* Required work *
From the top of the records below down to the line containing "treasure island ti hotel & casino", reproduce every line exactly.

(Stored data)

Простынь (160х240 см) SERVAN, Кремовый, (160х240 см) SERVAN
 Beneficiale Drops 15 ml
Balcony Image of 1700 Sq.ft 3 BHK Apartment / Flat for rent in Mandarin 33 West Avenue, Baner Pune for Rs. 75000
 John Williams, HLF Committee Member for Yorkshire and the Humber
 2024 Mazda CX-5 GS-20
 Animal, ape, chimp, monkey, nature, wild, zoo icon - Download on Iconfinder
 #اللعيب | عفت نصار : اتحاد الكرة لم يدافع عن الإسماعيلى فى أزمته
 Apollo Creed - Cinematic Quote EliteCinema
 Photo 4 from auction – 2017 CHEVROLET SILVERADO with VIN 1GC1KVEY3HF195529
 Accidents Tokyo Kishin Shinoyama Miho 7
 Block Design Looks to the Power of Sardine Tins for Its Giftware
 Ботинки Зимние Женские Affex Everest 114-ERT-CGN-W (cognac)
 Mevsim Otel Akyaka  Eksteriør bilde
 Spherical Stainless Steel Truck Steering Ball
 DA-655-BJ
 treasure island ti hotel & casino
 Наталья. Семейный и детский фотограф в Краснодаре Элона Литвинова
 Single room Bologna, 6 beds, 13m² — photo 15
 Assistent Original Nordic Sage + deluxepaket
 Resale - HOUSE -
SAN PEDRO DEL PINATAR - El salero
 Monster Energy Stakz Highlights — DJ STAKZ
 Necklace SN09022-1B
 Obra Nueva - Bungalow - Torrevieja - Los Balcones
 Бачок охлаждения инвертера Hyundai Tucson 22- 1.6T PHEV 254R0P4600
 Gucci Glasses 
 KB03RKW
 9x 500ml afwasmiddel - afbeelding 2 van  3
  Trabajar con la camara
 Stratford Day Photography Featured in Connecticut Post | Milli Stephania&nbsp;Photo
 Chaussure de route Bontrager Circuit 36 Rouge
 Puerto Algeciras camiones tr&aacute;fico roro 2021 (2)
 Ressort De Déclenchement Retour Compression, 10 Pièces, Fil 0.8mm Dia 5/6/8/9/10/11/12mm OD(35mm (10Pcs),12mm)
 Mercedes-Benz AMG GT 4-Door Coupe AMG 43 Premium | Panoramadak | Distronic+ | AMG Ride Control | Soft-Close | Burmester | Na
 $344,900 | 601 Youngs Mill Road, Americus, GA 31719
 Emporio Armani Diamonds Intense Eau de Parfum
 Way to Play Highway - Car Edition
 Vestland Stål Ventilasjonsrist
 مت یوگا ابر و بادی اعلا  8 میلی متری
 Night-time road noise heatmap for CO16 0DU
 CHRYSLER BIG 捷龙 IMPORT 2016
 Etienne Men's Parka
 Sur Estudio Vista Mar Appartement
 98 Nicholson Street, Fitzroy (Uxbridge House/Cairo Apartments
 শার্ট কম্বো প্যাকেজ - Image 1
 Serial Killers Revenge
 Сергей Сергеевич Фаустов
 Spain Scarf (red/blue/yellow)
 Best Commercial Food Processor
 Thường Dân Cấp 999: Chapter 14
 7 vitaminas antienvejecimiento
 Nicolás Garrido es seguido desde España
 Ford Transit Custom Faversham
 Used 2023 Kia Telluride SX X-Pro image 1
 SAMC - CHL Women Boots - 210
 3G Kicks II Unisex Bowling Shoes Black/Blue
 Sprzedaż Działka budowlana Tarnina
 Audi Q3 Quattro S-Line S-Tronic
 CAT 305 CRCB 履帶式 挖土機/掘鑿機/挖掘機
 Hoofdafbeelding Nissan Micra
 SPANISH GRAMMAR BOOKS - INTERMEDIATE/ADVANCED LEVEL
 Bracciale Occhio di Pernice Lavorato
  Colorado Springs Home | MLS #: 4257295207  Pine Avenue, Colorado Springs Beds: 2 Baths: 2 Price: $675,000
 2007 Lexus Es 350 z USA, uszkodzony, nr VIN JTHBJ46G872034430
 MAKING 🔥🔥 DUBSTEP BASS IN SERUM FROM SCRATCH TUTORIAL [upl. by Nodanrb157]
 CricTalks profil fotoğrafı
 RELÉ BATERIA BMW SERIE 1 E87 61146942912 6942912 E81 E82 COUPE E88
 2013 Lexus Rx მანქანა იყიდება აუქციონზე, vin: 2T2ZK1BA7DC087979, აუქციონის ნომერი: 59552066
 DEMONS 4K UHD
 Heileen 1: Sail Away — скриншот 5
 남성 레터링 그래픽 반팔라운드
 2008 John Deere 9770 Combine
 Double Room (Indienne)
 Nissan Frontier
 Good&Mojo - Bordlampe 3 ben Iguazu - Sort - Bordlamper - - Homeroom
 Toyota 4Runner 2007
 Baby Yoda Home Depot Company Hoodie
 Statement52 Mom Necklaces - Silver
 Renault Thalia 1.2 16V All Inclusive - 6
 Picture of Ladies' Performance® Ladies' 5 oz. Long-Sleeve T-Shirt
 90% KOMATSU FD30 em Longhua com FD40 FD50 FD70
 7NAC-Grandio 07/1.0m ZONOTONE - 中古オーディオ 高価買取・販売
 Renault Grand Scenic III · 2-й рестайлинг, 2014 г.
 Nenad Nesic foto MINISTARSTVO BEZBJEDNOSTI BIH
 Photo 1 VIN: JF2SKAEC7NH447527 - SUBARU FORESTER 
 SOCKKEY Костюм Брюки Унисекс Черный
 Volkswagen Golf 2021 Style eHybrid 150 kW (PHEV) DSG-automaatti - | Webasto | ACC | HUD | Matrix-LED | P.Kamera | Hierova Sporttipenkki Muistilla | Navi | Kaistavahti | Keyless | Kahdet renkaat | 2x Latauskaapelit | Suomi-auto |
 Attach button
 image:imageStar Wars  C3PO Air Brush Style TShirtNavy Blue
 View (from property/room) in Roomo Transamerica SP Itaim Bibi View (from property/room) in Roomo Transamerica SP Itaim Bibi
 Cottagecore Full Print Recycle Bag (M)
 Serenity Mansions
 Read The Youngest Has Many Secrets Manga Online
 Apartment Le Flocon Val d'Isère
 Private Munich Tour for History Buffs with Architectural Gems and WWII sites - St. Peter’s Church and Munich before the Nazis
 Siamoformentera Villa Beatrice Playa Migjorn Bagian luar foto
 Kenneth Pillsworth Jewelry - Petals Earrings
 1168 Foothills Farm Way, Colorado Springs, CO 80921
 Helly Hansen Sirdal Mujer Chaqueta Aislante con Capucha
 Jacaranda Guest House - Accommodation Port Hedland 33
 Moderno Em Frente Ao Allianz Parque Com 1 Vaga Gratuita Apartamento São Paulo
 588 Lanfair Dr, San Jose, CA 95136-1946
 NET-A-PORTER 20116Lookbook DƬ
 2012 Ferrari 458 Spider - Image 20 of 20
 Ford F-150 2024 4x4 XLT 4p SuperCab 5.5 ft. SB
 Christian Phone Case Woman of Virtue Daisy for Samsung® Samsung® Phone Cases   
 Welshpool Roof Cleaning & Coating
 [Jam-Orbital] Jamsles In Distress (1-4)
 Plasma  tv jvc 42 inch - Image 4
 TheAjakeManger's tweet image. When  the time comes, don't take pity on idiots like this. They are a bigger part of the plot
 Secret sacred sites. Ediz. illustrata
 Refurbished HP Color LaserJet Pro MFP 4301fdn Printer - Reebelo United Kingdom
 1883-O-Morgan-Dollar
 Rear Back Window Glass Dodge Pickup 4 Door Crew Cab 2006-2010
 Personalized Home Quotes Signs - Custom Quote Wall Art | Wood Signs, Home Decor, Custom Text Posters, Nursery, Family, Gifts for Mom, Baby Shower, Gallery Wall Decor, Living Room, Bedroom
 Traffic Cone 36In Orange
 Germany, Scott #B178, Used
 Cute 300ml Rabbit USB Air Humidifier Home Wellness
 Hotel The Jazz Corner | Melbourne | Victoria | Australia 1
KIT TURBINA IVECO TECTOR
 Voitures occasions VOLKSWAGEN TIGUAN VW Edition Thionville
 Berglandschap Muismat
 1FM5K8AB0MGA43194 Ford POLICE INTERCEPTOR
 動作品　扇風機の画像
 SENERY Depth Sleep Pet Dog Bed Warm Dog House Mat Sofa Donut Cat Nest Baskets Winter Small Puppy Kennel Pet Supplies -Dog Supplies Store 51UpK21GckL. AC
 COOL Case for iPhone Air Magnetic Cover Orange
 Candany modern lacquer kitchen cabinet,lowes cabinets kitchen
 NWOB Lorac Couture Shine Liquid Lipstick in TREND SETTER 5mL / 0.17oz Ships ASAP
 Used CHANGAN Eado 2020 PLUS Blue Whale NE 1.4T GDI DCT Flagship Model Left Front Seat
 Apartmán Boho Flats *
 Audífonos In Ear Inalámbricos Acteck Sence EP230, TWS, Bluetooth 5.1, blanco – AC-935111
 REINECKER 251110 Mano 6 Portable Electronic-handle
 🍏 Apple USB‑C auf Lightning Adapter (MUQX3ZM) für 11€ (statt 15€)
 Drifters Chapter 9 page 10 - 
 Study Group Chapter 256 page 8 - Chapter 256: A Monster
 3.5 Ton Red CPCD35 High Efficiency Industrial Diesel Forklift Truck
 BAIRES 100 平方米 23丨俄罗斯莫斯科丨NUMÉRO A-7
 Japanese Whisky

* Answer box *
Простынь (160х240 см) SERVAN, Кремовый, (160х240 см) SERVAN
 Beneficiale Drops 15 ml
Balcony Image of 1700 Sq.ft 3 BHK Apartment / Flat for rent in Mandarin 33 West Avenue, Baner Pune for Rs. 75000
 John Williams, HLF Committee Member for Yorkshire and the Humber
 2024 Mazda CX-5 GS-20
 Animal, ape, chimp, monkey, nature, wild, zoo icon - Download on Iconfinder
 #اللعيب | عفت نصار : اتحاد الكرة لم يدافع عن الإسماعيلى فى أزمته
 Apollo Creed - Cinematic Quote EliteCinema
 Photo 4 from auction – 2017 CHEVROLET SILVERADO with VIN 1GC1KVEY3HF195529
 Accidents Tokyo Kishin Shinoyama Miho 7
 Block Design Looks to the Power of Sardine Tins for Its Giftware
 Ботинки Зимние Женские Affex Everest 114-ERT-CGN-W (cognac)
 Mevsim Otel Akyaka  Eksteriør bilde
 Spherical Stainless Steel Truck Steering Ball
 DA-655-BJ
 treasure island ti hotel & casino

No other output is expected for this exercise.